While Juniors explore an issue that affects their Girl Scout community, Cadettes create a community map of their neighborhood or school. Meanwhile Seniors and Ambassadors earning the Gold Award assess an issue and its effect more broadly by interviewing community leaders, research using a variety of sources and investigate other community’s solutions to a similar problem.
The best way to make sure that a girl is doing the best of her ability is to ensure that both she and her project advisor receive orientation about the award and understand the difference between a one time community service opportunity or event and a Girl Scout Bronze, Silver, and Gold Award Take Action project. It’s the responsibility of the troop/group volunteer, council staff member or Gold Award committee (for Gold Award only) to work with the girl to ensure that she meets the quality requirements of the award.
A Troop/Group Volunteer is the adult who works with an ongoing troop or group.
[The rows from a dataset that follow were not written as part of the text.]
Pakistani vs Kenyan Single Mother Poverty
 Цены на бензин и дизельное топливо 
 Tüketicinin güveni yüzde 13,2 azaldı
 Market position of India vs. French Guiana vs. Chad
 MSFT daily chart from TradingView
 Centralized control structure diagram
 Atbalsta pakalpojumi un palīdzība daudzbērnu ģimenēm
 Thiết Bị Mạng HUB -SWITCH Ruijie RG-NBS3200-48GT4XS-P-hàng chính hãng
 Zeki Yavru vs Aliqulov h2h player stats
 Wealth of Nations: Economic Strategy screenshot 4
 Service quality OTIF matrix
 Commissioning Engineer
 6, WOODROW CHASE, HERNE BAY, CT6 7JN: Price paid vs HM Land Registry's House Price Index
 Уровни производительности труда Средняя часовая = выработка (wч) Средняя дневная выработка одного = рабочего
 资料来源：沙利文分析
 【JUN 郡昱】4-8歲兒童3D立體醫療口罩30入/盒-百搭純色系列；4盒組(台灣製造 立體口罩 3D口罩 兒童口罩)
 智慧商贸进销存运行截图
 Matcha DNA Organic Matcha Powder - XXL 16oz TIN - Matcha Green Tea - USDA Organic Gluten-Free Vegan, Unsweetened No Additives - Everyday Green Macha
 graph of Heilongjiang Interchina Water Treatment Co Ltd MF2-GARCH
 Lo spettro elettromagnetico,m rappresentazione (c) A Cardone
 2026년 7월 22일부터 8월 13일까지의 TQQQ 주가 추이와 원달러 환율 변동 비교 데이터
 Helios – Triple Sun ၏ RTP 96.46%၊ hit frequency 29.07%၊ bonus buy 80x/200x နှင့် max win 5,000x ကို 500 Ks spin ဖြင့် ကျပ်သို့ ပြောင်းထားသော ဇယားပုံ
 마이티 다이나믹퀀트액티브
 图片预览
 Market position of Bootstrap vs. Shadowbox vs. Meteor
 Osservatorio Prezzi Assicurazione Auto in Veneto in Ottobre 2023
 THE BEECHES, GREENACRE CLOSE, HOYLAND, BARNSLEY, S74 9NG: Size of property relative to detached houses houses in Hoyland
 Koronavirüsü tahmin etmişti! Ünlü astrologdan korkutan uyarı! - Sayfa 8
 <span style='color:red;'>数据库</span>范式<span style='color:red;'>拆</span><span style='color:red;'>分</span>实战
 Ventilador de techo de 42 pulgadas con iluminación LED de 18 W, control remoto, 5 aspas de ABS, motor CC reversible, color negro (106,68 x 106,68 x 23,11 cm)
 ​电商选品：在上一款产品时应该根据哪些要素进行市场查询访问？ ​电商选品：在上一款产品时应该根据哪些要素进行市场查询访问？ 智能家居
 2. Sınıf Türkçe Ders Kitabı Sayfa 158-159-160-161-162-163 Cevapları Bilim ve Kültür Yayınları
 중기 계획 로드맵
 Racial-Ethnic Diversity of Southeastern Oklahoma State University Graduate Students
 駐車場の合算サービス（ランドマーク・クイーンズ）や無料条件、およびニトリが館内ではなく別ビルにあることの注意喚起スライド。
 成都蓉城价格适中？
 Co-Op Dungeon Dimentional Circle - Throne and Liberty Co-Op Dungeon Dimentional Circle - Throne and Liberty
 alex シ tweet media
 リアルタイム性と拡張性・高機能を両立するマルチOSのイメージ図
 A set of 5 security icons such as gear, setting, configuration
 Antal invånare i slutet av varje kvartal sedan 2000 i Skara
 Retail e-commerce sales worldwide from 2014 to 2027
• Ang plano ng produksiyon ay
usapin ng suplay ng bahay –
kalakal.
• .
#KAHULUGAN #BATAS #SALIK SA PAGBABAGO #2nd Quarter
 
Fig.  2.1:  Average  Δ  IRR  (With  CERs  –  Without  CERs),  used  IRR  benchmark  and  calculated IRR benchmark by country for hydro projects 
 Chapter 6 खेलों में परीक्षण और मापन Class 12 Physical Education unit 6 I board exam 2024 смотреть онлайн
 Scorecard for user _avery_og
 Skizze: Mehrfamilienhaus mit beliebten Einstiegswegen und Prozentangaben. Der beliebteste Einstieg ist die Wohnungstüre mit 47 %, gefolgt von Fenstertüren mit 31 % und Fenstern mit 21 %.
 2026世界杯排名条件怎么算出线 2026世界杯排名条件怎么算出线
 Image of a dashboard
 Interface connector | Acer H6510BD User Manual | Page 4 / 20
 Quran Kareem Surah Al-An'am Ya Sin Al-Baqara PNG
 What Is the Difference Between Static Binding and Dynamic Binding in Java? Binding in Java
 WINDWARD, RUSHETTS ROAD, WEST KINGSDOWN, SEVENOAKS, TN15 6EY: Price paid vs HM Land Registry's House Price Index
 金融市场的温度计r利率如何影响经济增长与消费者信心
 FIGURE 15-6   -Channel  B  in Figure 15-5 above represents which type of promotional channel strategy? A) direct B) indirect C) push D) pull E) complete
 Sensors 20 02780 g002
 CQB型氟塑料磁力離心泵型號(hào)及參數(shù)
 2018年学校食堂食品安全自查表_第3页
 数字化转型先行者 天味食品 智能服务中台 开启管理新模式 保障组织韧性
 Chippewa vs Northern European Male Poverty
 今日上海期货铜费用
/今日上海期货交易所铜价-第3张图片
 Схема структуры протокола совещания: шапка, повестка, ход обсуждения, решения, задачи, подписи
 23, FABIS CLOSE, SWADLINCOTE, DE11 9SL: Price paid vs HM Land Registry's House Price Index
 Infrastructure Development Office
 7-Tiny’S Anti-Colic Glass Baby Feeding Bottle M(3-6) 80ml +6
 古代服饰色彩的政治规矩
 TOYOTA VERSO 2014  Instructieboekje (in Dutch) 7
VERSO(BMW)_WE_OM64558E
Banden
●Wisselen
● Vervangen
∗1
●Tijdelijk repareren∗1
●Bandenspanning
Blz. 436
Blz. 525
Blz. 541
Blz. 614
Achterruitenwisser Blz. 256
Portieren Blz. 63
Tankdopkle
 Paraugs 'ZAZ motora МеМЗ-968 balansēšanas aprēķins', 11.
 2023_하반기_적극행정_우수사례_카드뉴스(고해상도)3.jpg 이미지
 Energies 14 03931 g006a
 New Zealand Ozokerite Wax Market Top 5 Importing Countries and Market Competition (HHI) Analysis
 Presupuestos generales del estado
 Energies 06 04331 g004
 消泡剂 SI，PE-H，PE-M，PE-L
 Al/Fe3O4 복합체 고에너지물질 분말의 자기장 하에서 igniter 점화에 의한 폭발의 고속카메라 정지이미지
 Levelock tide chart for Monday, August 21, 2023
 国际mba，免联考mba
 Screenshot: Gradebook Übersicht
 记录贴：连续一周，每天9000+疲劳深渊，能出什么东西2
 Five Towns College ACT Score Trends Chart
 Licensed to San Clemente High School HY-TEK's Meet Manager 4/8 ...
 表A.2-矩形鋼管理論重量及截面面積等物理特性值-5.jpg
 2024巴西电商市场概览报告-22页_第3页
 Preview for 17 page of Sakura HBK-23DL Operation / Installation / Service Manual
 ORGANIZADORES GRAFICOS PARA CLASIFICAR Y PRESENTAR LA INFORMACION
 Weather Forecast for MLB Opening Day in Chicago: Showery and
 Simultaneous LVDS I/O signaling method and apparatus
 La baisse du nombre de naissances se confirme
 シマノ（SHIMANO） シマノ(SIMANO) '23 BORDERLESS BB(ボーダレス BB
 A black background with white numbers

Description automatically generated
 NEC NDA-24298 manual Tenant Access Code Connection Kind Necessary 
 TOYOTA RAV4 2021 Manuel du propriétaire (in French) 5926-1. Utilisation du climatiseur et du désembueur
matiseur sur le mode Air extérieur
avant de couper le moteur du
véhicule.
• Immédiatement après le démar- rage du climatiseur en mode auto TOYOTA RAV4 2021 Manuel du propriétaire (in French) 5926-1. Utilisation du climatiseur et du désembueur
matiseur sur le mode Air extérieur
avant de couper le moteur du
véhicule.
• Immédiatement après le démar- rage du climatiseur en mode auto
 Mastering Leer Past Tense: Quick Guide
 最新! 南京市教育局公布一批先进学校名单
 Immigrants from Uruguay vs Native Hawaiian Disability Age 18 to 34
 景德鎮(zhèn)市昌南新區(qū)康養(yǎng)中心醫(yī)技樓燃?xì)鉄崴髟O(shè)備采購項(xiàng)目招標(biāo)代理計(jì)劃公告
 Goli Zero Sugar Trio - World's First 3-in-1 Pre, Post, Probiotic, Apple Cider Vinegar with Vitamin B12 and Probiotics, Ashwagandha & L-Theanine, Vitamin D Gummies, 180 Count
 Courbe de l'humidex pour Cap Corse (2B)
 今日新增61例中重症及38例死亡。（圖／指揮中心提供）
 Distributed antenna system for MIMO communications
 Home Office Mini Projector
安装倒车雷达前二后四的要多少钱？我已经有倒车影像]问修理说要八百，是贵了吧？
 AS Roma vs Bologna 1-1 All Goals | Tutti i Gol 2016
Once a girl identifies her issue, the troop/group volunteer might help her identify a person in the community who could be a great project advisor.
A Girl Scout Gold Award project advisor is a volunteer that guides a girl as she takes her project from the planning stage to implementation. The project advisor is typically not a girl’s parent or a Girl Scout troop/group volunteer. The project advisor is typically someone from the community who is knowledgeable about the issue and who can provide guidance, experience and expertise along the way.
The project advisor should be identified in the planning phase before the Girl Scout Gold Award Project Proposal is turned in to the council. The project advisor expands the network of adults and provides expertise for a girl’s project. If a girl has an idea before she starts any work on her Girl Scout Gold Award, she might want to identify her project advisor from the very beginning.
Some councils have developed Girl Scout Gold Award Committees to support Girl Scout Seniors and Ambassadors as they go through the process of earning their Girl Scout Gold Award. Girl Scout Gold Award Committees are typically comprised of community members, educators, key volunteers and young women who have earned their Girl Scout Gold Award. The Committee works with designated council staff.
The committee’s role is to ensure that girls’ projects meet the national guidelines. Generally, the committee reviews Girl Scout Gold Award Project Proposals, makes recommendations for project development and resources, reads the final report, and makes a recommendation to the council on whether to approve the project. In some councils the committee approves the project. If a girl’s project has not yet achieved its goals, the committee provides suggestions and tips to help her develop a high quality Gold Award project.
A sustainable project is one that lasts after the girl’s involvement ends. A focus on education and raising awareness is one way to make sure a project is carried on. Workshops and hands-on learning sessions can inspire others to keep the project going. Another way to create a sustainable project is by collaborating with community groups, civic associations, non-profit agencies, local government, and/or religious organizations to ensure the project lasts beyond the girl’s involvement.
This is up to the girl. She might be recognized for her work in progress at the Girl Scout Gold Award Ceremony for her peers, or she can be honored in a separate ceremony or come back for the council-wide ceremony the next year. If the council has a set time for honoring Girl Scout Gold Awardees, this should be part of the orientation to girls planning their Girl Scout Gold Award. Girls and their project advisors are encouraged to work within the council timeline; however, the ceremony time should not dictate whether or not a girl is able to earn her Girl Scout Gold Award.